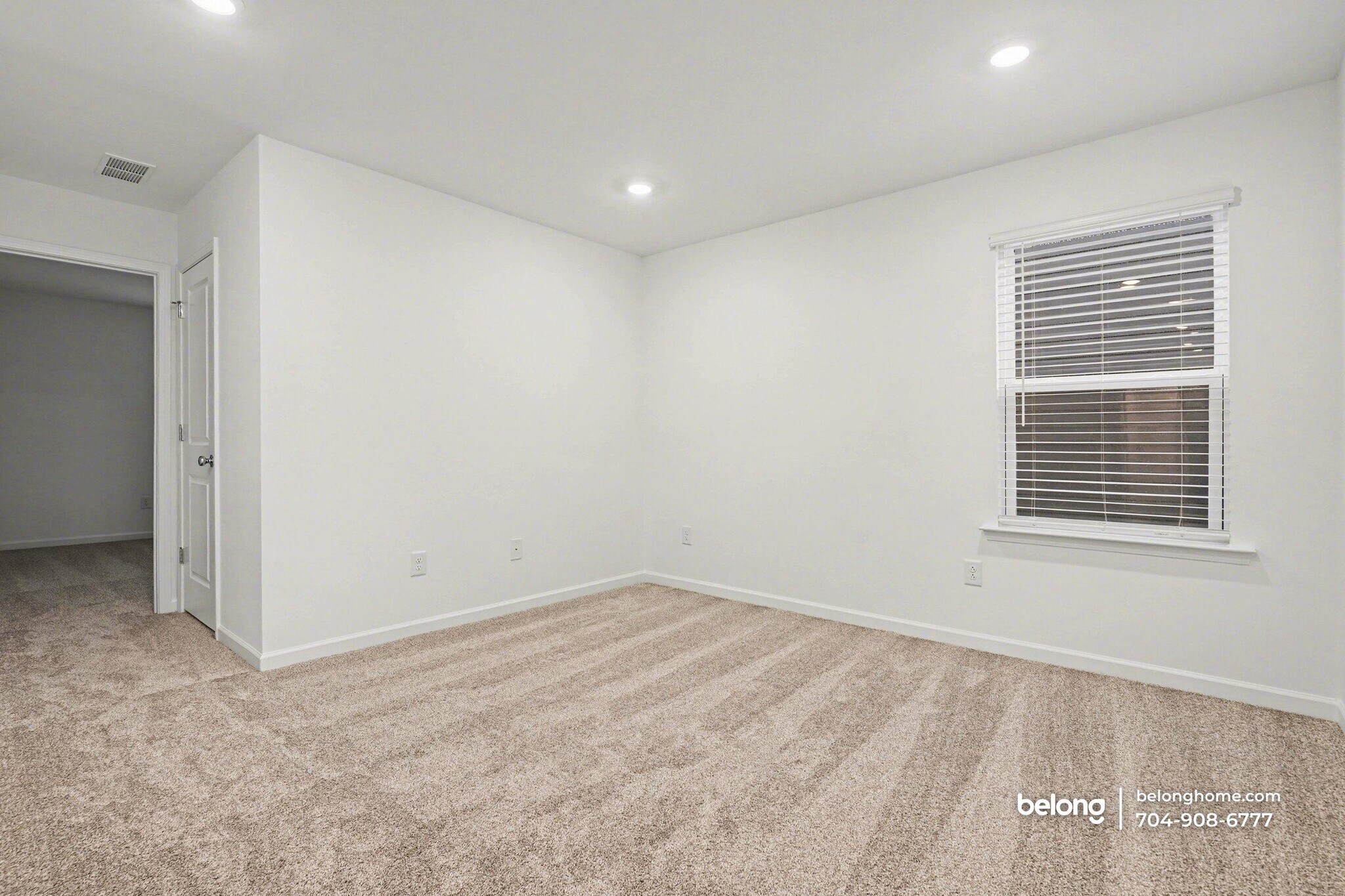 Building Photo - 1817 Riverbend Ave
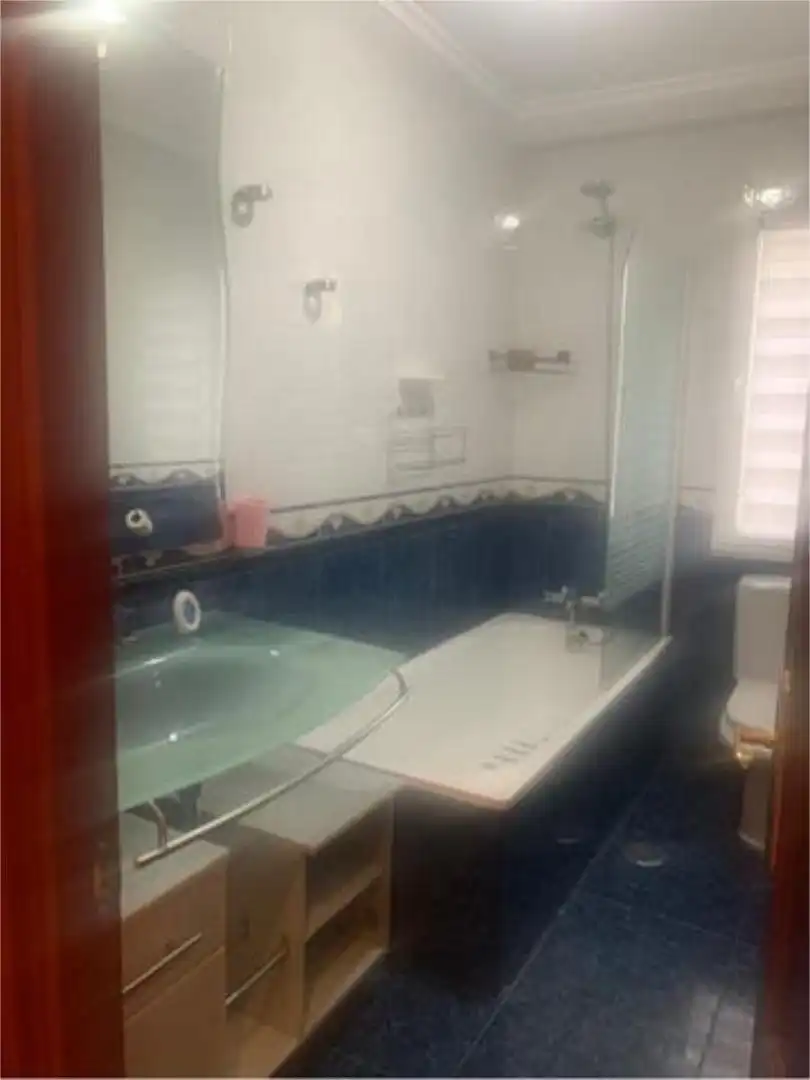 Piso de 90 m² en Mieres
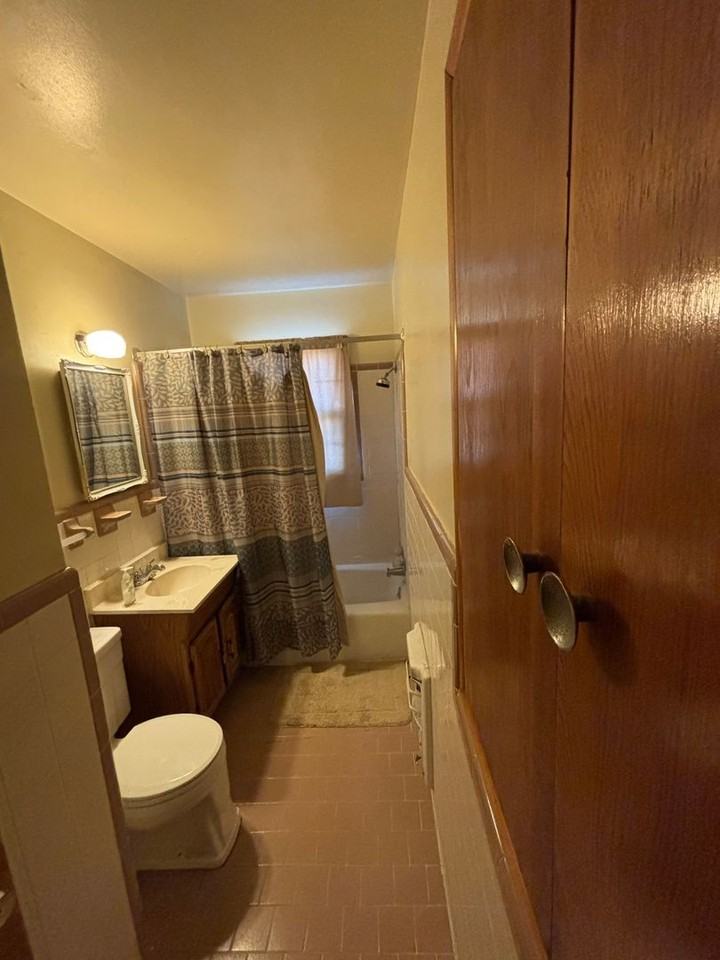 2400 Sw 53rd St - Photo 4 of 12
------------------------------------------------
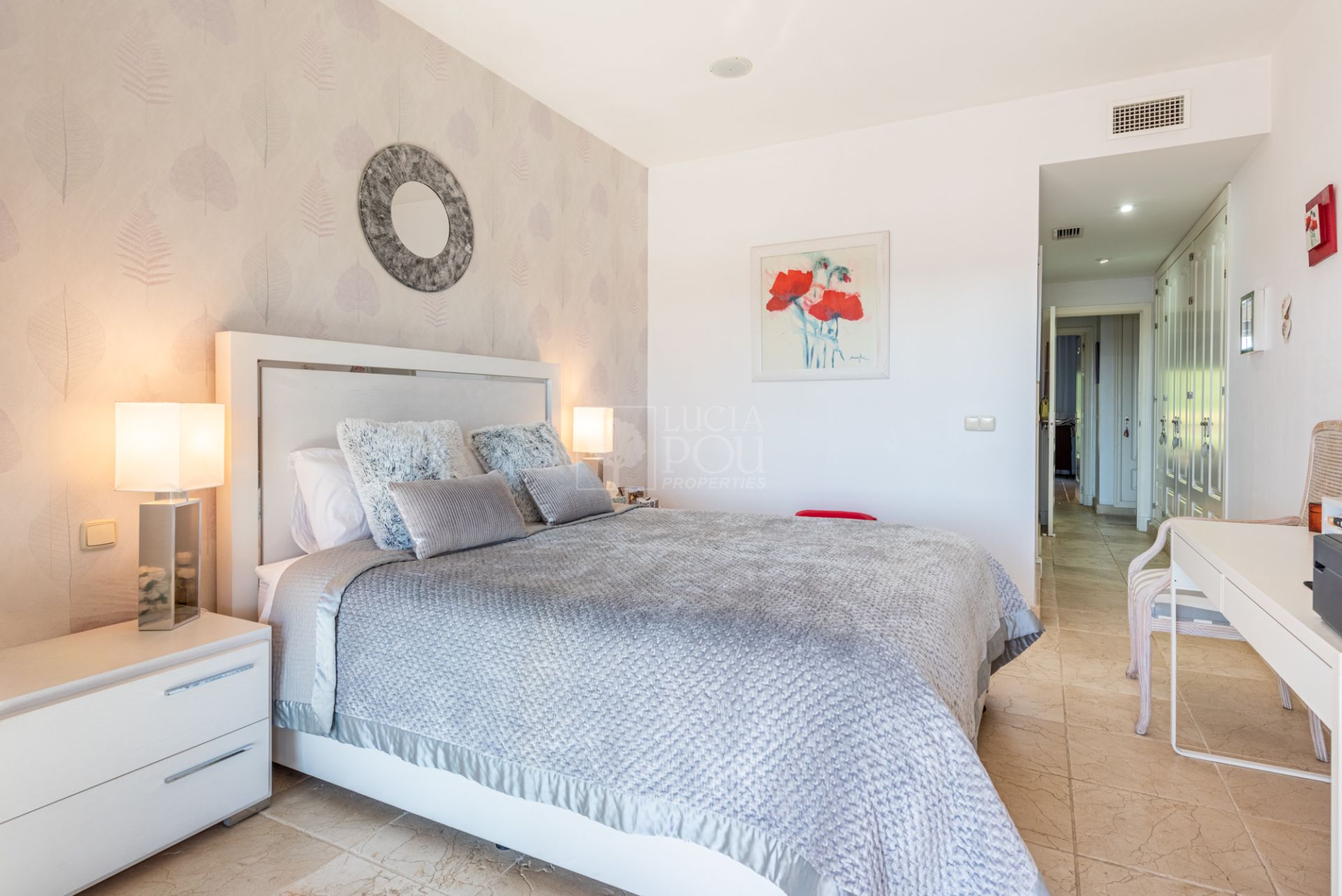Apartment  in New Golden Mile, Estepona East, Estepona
------------------------------------------------
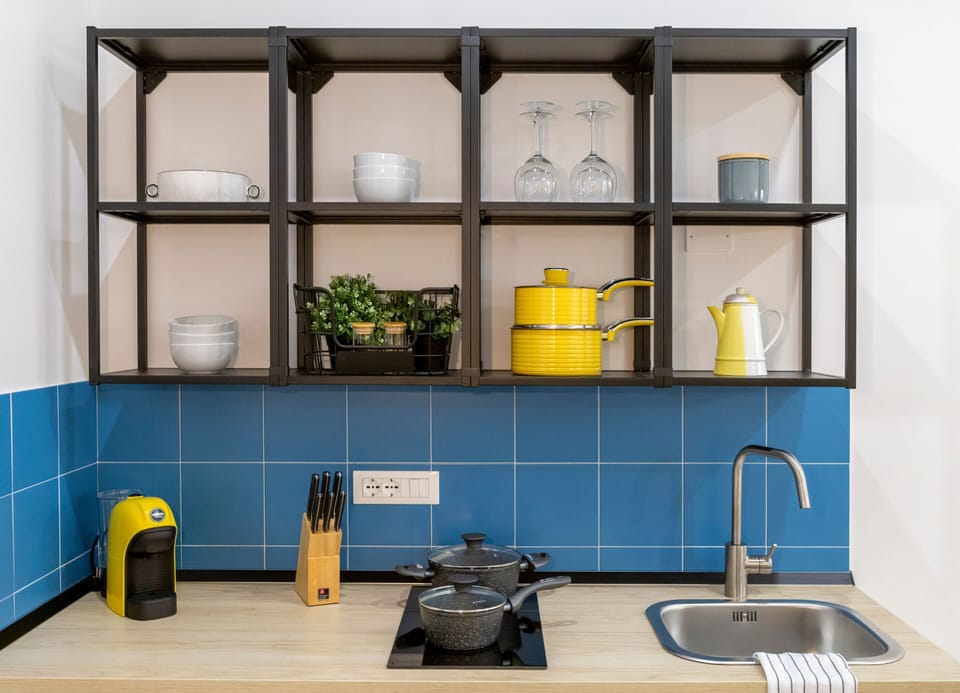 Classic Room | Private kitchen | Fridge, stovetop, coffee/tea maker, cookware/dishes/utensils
------------------------------------------------
■ **Your goal**
In the listing above, find the line with "Building Photo - 1817 Riverbend Ave" and the line with "2400 Sw 53rd St - Photo 4 of 12". Transcribe those two and everything between, exactly, leaving out pictures.

■ **Expected output**
 Building Photo - 1817 Riverbend Ave
 Piso de 90 m² en Mieres
 2400 Sw 53rd St - Photo 4 of 12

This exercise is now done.